With a pantry full of Chinese, Korean, Indian, Japanese, German, Burmese, Thai, and Mexican ingredients, Caroline and I will continue our adventures into cuisines from around the globe. Having favorites in all of those foods, it can become difficult to deviate and add new dishes as there are only so many dinners in a year that two people can eat, but we’ll try. On the tried-and-true front, I’m happy to announce that for the first time in maybe half-a-dozen years, I’ve shredded over 20 pounds of cabbage and pressed it into a crock for making sauerkraut. A batch of homemade granola is in the dehydrator, and when we return from our upcoming visit to Los Angeles, I’ll take on the full-day task of converting 20 pounds of red onions, paprika, and cilantro into a huge batch of Burmese curry base. Almost forgot to share that I recently turned 12 pounds of ginger into fermented ginger for those Burmese ginger salads we love so much, enough to last us into the summer.

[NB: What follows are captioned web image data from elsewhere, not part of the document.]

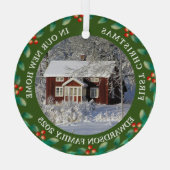 First Christmas in our new Home house photo Ornament Aus Glas (Rückseite)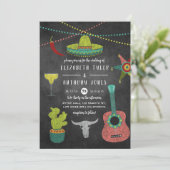 Fiesta Chalkboard Wedding Einladung (Stehend Vorderseite)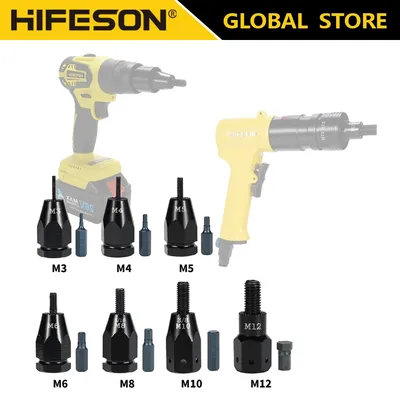 M3-M12 3/16 1/4 5/16 3/8 Air Pneumatic Rivet nut Gun Quick-Change Head Part for Rivet Guns Tool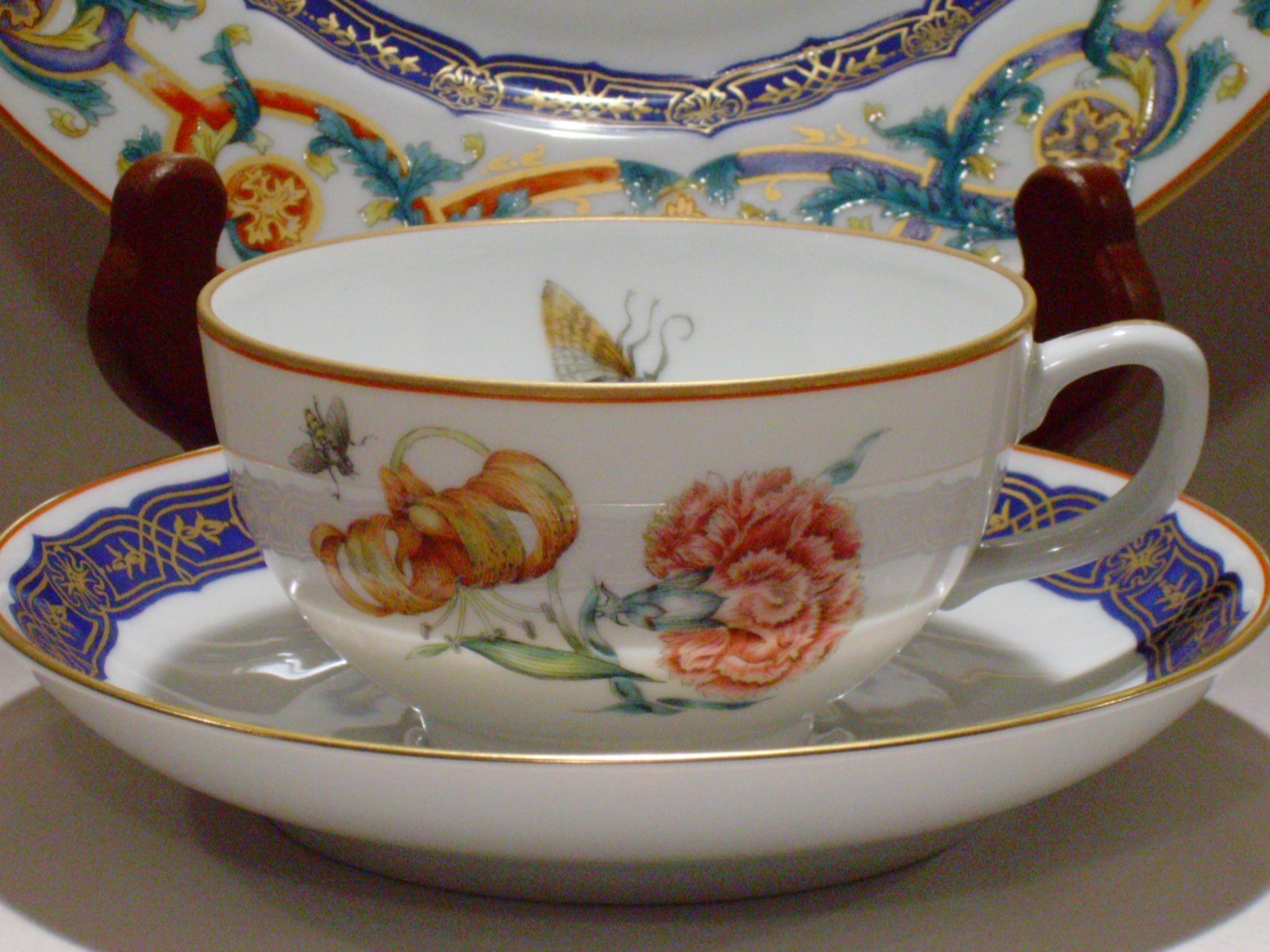 Mottahedeh Merian Daylily Trio Dessert/Salad Plate Cup Saucer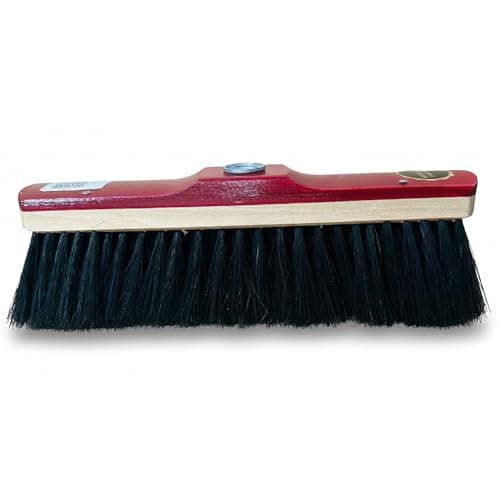 Image of Horsehair Broom Head 28cm (11in) – Bricklayers Bricklaying Brush, 9 Row Soft Sweeping Brush, Lacquered Wooden Saddle with Handle Hole, Replacement Broom Head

Neither Caroline nor I are short of projects that require tending to as we continue to work through a backlog of stuff that only seems to grow, kind of like our reading list, destination wishes, and culinary curiosities.

Something that’s been in short supply the past couple of pandemic years is local cultural events typically focused on live music, special art exhibits, and various talks, and on the current horizon, there still seems to be nothing but the good news front. The Metropolitan Opera in New York City resumed its live simulcasts last year, and here in 2022, we already have tickets for Rigoletto, Don Carlos, Lucia Di Lammermoor, and finally, Hamlet.

Somewhere in this mix of the known and familiar, we’ll have to inject serendipity, spontaneity, and the unknown, but I feel certain that our intention to discover new things will open our senses to those opportunities. Finding triumph in growth and deep experience from year to year has been a signature of long-standing in our lives and will hopefully carry forward for years to come.